### EXERCISE PROMPT
Omit every picture while you reproduce the entries that follow word for word.

### INFORMATION PROVIDED

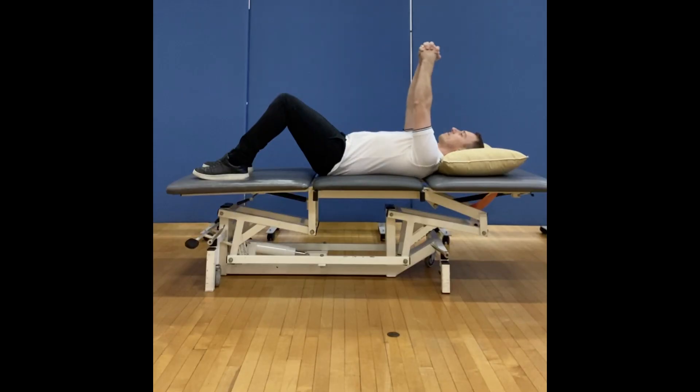Start by laying on your back. Using the good arm, help the affected arm up above your head. Work to a range of movement that feels comfortable to you, working into a gentle stretch but not pain.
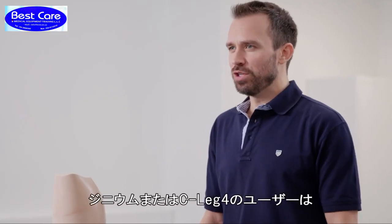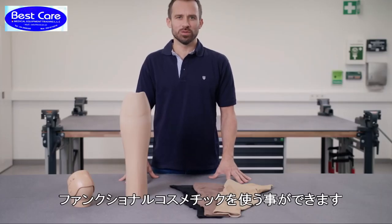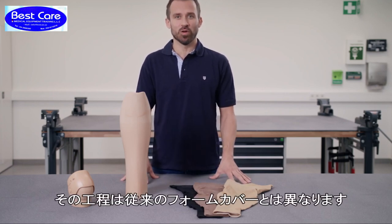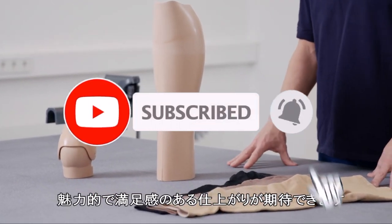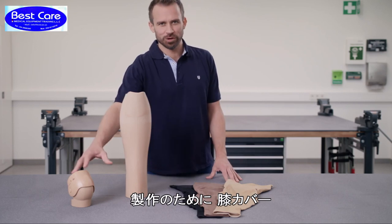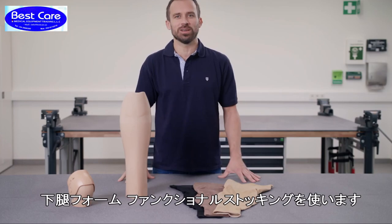If you are fitting the Genium or C-Leg 4, you can use a few additional components to fabricate a functional cosmesis which is quite different from a conventional foam solution. It looks attractive and will impress your customers. To do this you will need this functional knee part, the shank, and finally this functional stocking.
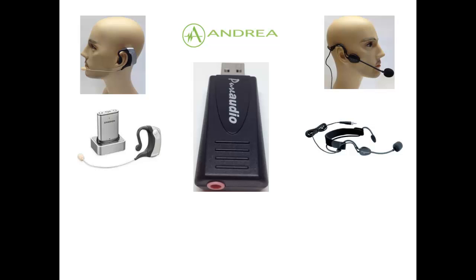We recommend the PureAudio MA for microphones that don't have a speaker, such as the Sennheiser ME3, Audio-Technica Pro 8, and Samson Airline Micro. As you can see from the center picture, the PureAudio MA has only one microphone jack and will not play sound through speakers.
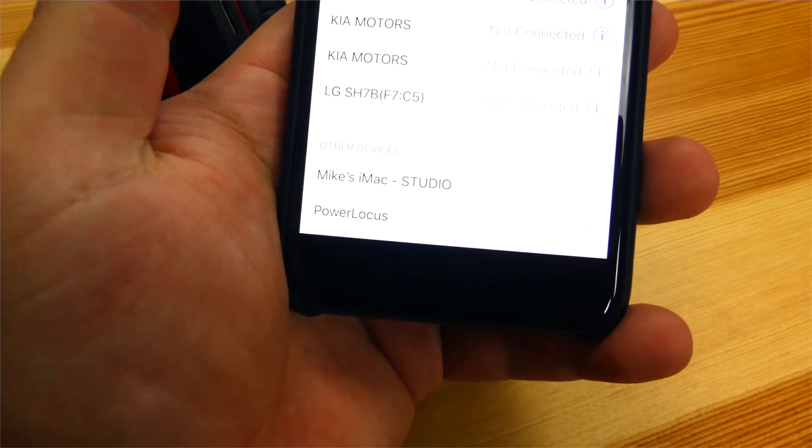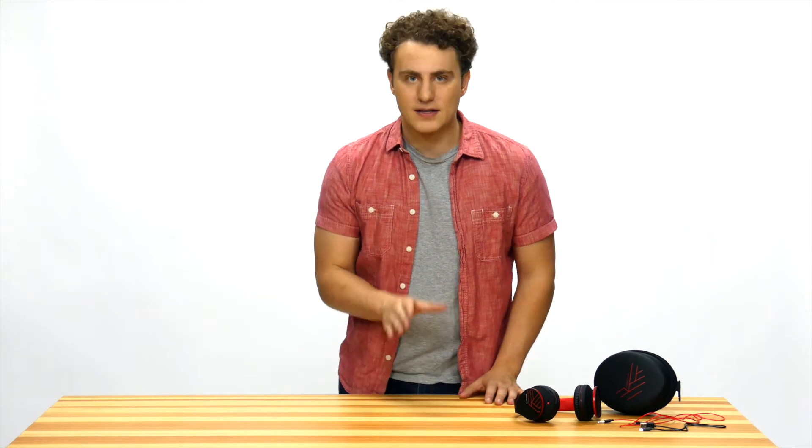They even pair easily with most Bluetooth devices. With their great sound and bass, you'll love listening with them. You can also listen to built-in FM radio or MP3s off of a microSD card.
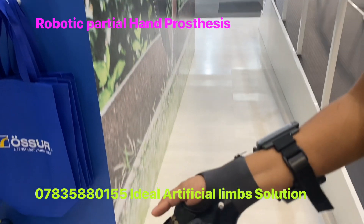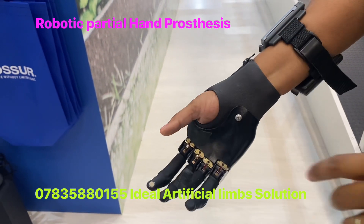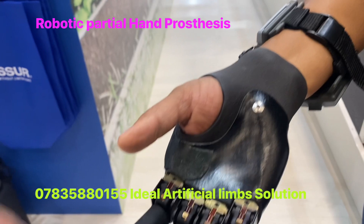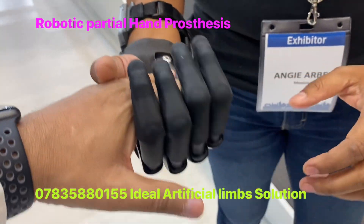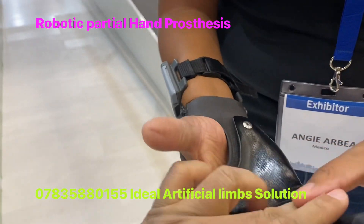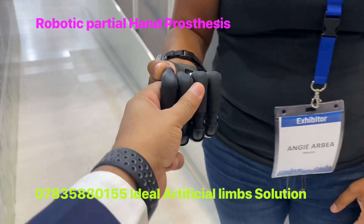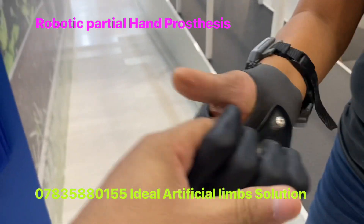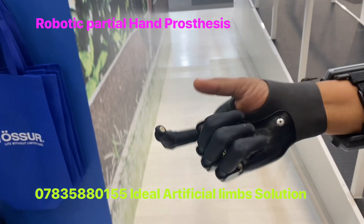Let me show you this. Put your finger here and pull it. It has very good strength — the finger is not coming out. Very good strength.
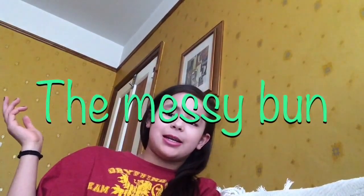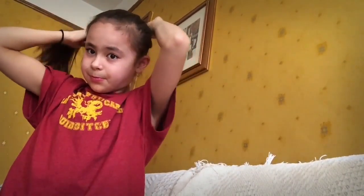Hey guys, today I am with my friend Clara and I'm going to be doing hair tutorials. The first is the messy bun. Make sure you have two hair bands at least and make sure your hair is nicely brushed. Then just flip your hair over and bring it into a nice ponytail, but make sure that it is not too tight or too messy.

### RESPONSE TO THE TASK
Start by laying on your back. Using the good arm, help the affected arm up above your head. Work to a range of movement that feels comfortable to you, working into a gentle stretch but not pain.
If you are fitting the Genium or C-Leg 4, you can use a few additional components to fabricate a functional cosmesis which is quite different from a conventional foam solution. It looks attractive and will impress your customers. To do this you will need this functional knee part, the shank, and finally this functional stocking.
We recommend the PureAudio MA for microphones that don't have a speaker, such as the Sennheiser ME3, Audio-Technica Pro 8, and Samson Airline Micro. As you can see from the center picture, the PureAudio MA has only one microphone jack and will not play sound through speakers.
They even pair easily with most Bluetooth devices. With their great sound and bass, you'll love listening with them. You can also listen to built-in FM radio or MP3s off of a microSD card.
Let me show you this. Put your finger here and pull it. It has very good strength — the finger is not coming out. Very good strength.
Hey guys, today I am with my friend Clara and I'm going to be doing hair tutorials. The first is the messy bun. Make sure you have two hair bands at least and make sure your hair is nicely brushed. Then just flip your hair over and bring it into a nice ponytail, but make sure that it is not too tight or too messy.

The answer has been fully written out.